Now, we will solve the second part in the same way,
2. The given expression is, $\mathop {\lim }\limits_{x \to 0} \dfrac{{{3^{2x}} - {2^{3x}}}}{x}$
and we have to find the limit of the given expression,
So, first of all when we substitutes $x = 0$ in the above expression, then we get the expression in the form of $\dfrac{0}{0}$ as,
$\mathop {\lim }\limits_{x \to 0} \dfrac{{{3^{2x}} - {2^{3x}}}}{x} = \dfrac{{{3^0} - {2^0}}}{0} = \dfrac{{1 - 1}}{0} = \dfrac{0}{0}$
which is an indeterminate form
Now, as we know that if a limit is in the form of $\dfrac{0}{0}$ then we will use L-Hospital’s Rule to find out the limit.
So, by applying L-Hospital’s Rule on the given expression, we get
$\mathop {\lim }\limits_{x \to 0} \dfrac{{\dfrac{d}{{dx}}\left( {{3^{2x}} - {2^{3x}}} \right)}}{{\dfrac{d}{{dx}}\left( x \right)}}$
Each algebraic expression in both numerator is formed by the difference of two expressions.
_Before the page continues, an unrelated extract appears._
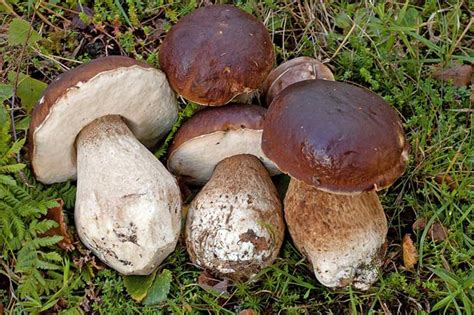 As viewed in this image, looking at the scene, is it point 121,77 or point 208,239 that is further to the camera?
point 208,239

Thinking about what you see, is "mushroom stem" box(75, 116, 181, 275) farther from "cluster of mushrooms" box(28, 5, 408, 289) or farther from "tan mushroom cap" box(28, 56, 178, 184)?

The derivative of the difference of the terms can be evaluated by the difference of their derivatives as per the difference rule of the derivatives.
$\Rightarrow \mathop {\lim }\limits_{x \to 0} \dfrac{{\dfrac{d}{{dx}}\left( {{3^{2x}}} \right) - \dfrac{d}{{dx}}\left( {{2^{3x}}} \right)}}{{\dfrac{d}{{dx}}\left( x \right)}}$
Now, we know that $\dfrac{d}{{dx}}\left( {{a^x}} \right) = {a^x}{\log _e}a$
Therefore, on differentiating above expression, we get
$\Rightarrow \mathop {\lim }\limits_{x \to 0} \dfrac{{2\left( {{3^{2x}}{{\log }_e}3} \right) - 3\left( {{2^{3x}}{{\log }_e}2} \right)}}{1}$
$\Rightarrow \mathop {\lim }\limits_{x \to 0} 2\left( {{3^{2x}}{{\log }_e}3} \right) - 3\left( {{2^{3x}}{{\log }_e}2} \right)$
Now as $x$ approaches $0$ ,so substitute the value of $x = 0$ directly in the above expression, we get
$2\left( {{3^0}{{\log }_e}3} \right) - 3\left( {{2^0}{{\log }_e}2} \right)$
On simplifying, we get
$= 2{\log _e}3 - 3{\log _e}2$
Now, we know that $m{\log _e}a = {\log _e}{a^m}$
Therefore, we get
$= {\log _e}{3^2} - {\log _e}{2^3}$
$= {\log _e}9 - {\log _e}8$
Now, we know that,
${\log _e}m - {\log _e}n = {\log _e}\dfrac{m}{n}$
$\Rightarrow {\log _e}9 - {\log _e}8 = {\log _e}\dfrac{9}{8}$
$\therefore$ $\mathop {\lim }\limits_{x \to 0} \dfrac{{{3^{2x}} - {2^{3x}}}}{x} = {\log _e}\dfrac{9}{8}$ .

Note : Whenever we face such types of problems the main point to remember is that first of all always use a direct method to determine whether the limit is in determinate or indeterminate form. If it turns out to be in determinate form, then the limit is solved by direct substitution method only. And if the limit turns out to be an indeterminate form, then we use L-Hospital’s Rule to solve further. This helps in getting us the required condition and gets us on the right track to reach the answer.